23. The test for recusal was set in the case of Porter v Magill [2002] 1 All ER 465 where the house of lords stated that;“The question is whether the fair minded and informed observer, having considered the facts would conclude that there was a real possibility that the tribunal was biased.”
24. In the Supreme court case of Jasbir Singh Rai & 3 others v Tarlocham Singh Rai & 4 others [2013] eKLR the court stated that;“(6)Recusal, as a general principle, has been much practised in the history of the East African judiciaries, even though its ethical dimensions have not been always taken into account. The term is thus defined in Black’s law Dictionary, 8th Edition [2004] (P.1303):“Removal of oneself as judge or policy maker in a particular matter, (especially) because of a conflict of interest.”(7)From this definition it is evident that the circumstance’s calling for recusal, for a judge, are by no means cast in stone. Perception of fairness, of conviction, of moral authority to hear the matter, is the proper test of whether or not the non- participation of judicial officer is called for. The object in view, in the recusal of a judicial officer, is that justice as between the parties be uncompromised; that the due process of law is realized, and be seen to have had its role; that the profile of the rule of law in the matter in question be seen to have remained uncompromised.(8)It is an insightful perception in common law traditions, that the justice of a case does not always rest on the straight lines cut by statutory prescriptions and the judicial discretion in its delicate profile, is critical to equitable outcomes. This is what Sir David Maxwell Fyfe meant when he attributed to Lord Atkin a ‘ Constructive intuition which operates after learning and analysis are exhausted’ {In G. Lewis, Lord Atkin (London: Butterworths, 1983), p 166 }, It is precisely such delicate elements of judicial fairness that will also feature in the judgment as to whether or not recusal of a judge, particularly in the case of a collegiate Bench, is of any materiality, in a given case."

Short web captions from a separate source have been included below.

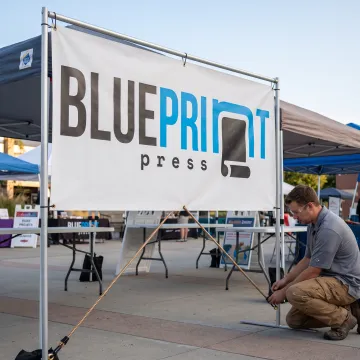Vibrant custom vinyl banner displayed outdoors
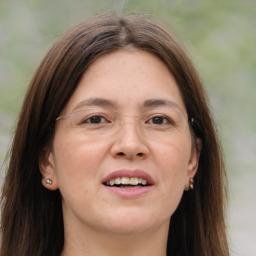 Joyful white adult female with long  brown hair and brown eyes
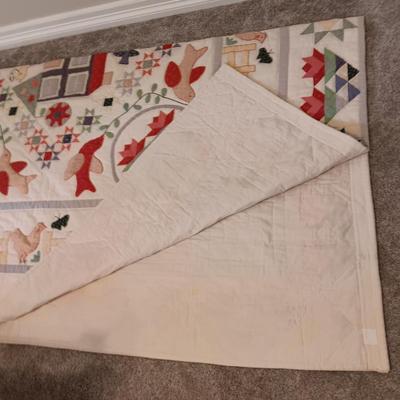 A FUN HANDMADE DETAILED QUILT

25. Regulation 21 part 11 of the Judicial service (code of conduct and Ethics) Regulations 2020 state that;“when courts are faced with such proceedings for disqualification of a judge, it is necessary to consider whether there is reasonable ground for assuming the possibility of a bias and whether it is likely to produce in the minds of the public at large a reasonable doubt about the fairness of the administration of justice. The test is objective and the facts constitution of bias must be specifically alleged and established.The court has to address its mind to the question as to whether a reasonable and fair-minded sitting court and knowing all relevant facts would have a reasonable suspicion that a fair trial for the applicant was not possible if the answer is in the affirmative, a disqualification will be inevitable."
26. A judge or magistrate is thus duty bound to disqualify him/herself if by objective standard, and on balance of probability it has been shown either that he was biased or that grounds exist for a reasonable apprehension of it. The onus is on the applicant to establish the actuality of bias or grounds of reasonable apprehension of it. The judge or magistrate against whom bias has been established or shown has a duty to disqualify his/herself when such grounds have been established to exist. The judge has an equal and matching duty not to disqualify him/herself , if the grounds of bias has not been established/made out. See Maina Wa Kinyatti v Rep (Criminal Appeal No 60 of 1983).

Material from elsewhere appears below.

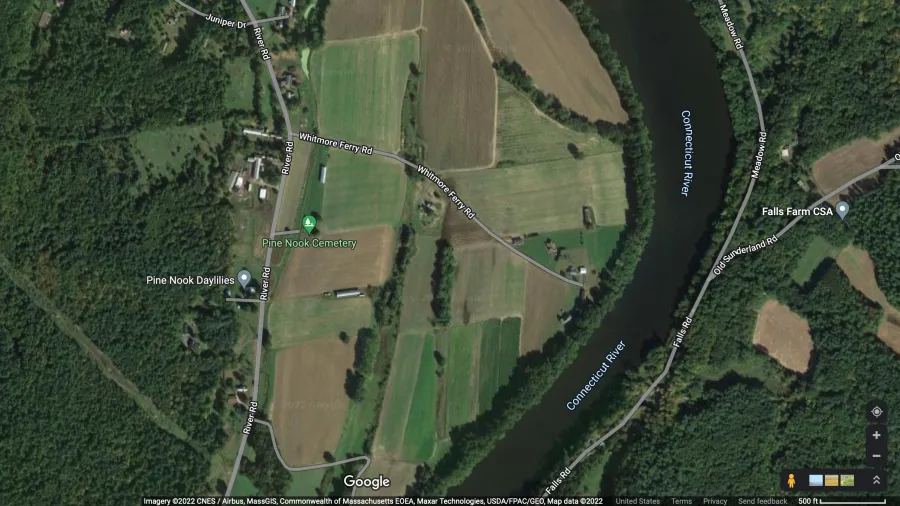 A satellite image of farmland next to a river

27. The applicant pleaded several grounds upon which, they requested the trial magistrate to recuse herself. The said grounds were;a)That prior to prosecution of the application for cancellation of bond, the accused was informed off record that once bond is cancelled, the trial will be done at the courts own motion. His Bond was subsequently cancelled without any justification and reinstated by the High court on an application for revision.b)The trial Magistrate has time and again failed to write down/ note the evidence of witnesses especially during cross examination, when his counsel is asking the witness questions.c)The trial Magistrate refused to sign his release order after he had been released and/or his bond reinstated by the high court.d)There have been various verbal threats by the magistrate on several occasions.
28. I have read through the entire court proceedings and find that the applicant’s allegations that the trial magistrate failed to properly record proceedings, especially when his advocate is cross examining the witnesses has no basis. The applicant was charged in October 2021, all the eight (8) prosecution witnesses had testified and this matter had set down for defence hearing, by the time the application for recusal dated 18th May 2023 was filed. During the whole trial, the applicant was represented by two counsel’s and at no point did the applicant or his counsel’s raise any concern that the trial magistrate had failed to properly note/record the proceedings and/or was on her laptop especially when his counsel was asking various prosecution witnesses questions.

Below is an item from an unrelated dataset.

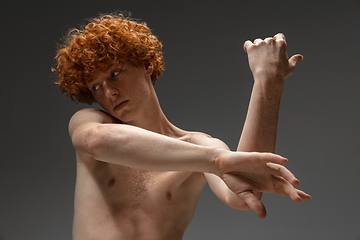 Image showing Portrait of beautiful redhead man isolated on grey studio background. Concept of beauty, skin care, fashion and style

29. This issue was for the first time raised in the application dated 18th May 2023 and for the record I do repeat that this allegation was not supported by the proceedings so far undertaken. There is no proof on a balance of probability that the court failed to properly record the evidence so far taken, and the lengthy handwritten cross examination proceedings of the various witnesses bear out a different story. The allegation that the magistrate has been making vile threats directly to the applicant, too suffers the same fate of not being adequately supported by tangible evidence.
30. The second issue raised that the trial magistrate failed to sign his release order after his review application was successful too cannot be factual. As rightly pointed out by the Respondent it was the deputy registrar of the High court to sign the order extracted from the Ruling In High court at Naivasha Criminal Revision No E018 of 2022, releasing the applicant from prison and/or the original file had to be returned to Engineer law court bearing the original Ruling/ order before the release order could be signed by the trial magistrate. If indeed the trial magistrate refused to sign the release order before she verified the authenticity of the said order, then she cannot be faulted for acting with abundance of caution.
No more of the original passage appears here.